---- Records for the exercise

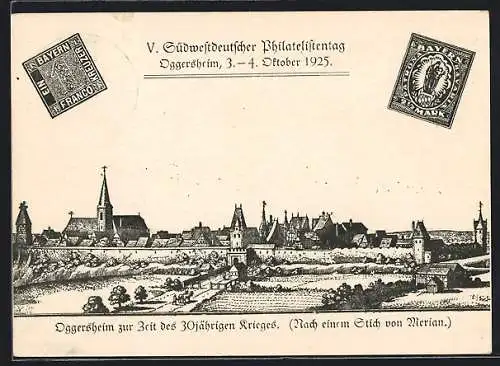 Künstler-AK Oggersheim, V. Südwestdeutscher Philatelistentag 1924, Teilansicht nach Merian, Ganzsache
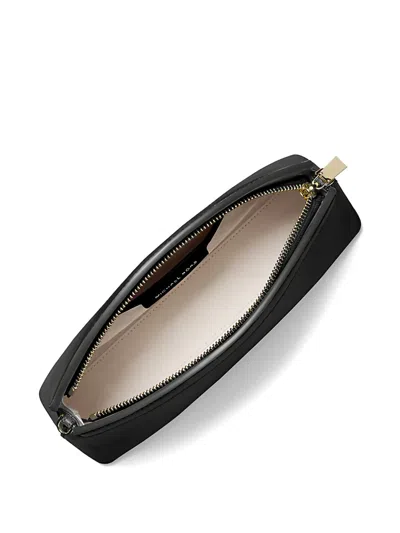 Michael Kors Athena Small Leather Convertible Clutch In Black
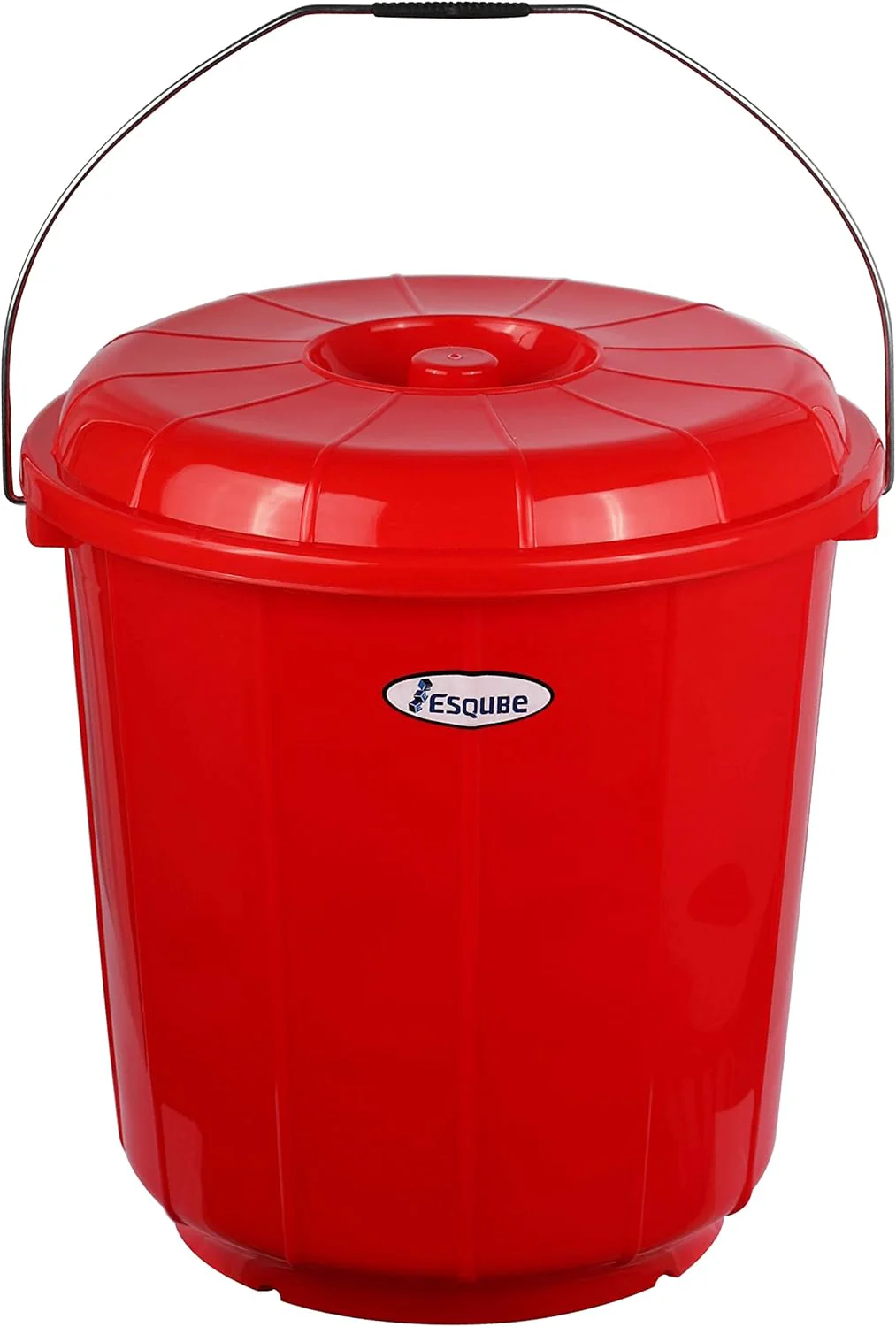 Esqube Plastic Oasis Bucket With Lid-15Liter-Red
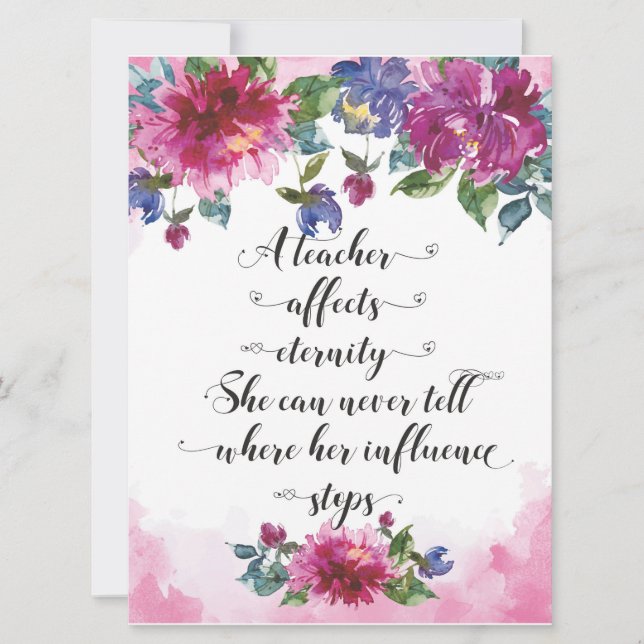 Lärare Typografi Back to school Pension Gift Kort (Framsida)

--------
---- Records for the exercise

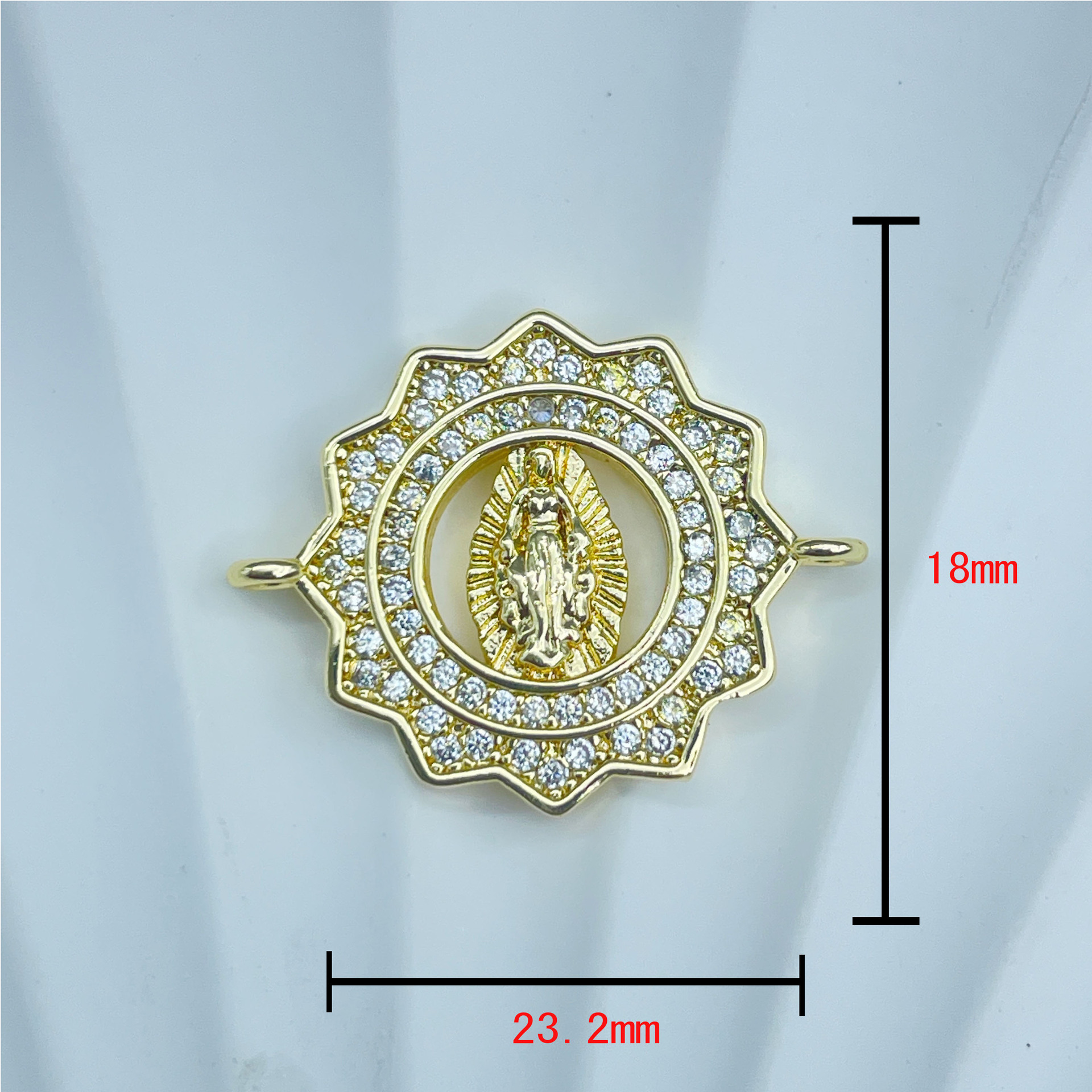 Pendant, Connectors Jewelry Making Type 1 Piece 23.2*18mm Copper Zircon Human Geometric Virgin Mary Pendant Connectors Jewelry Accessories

--------

- **Try it**:
In the listing above, find the line with "Michael Kors Athena" and output every line through the one with "Lärare Typografi Back", exactly, without the pictures.

- **Exercise answer**:
 Michael Kors Athena Small Leather Convertible Clutch In Black
 Esqube Plastic Oasis Bucket With Lid-15Liter-Red
 Lärare Typografi Back to school Pension Gift Kort (Framsida)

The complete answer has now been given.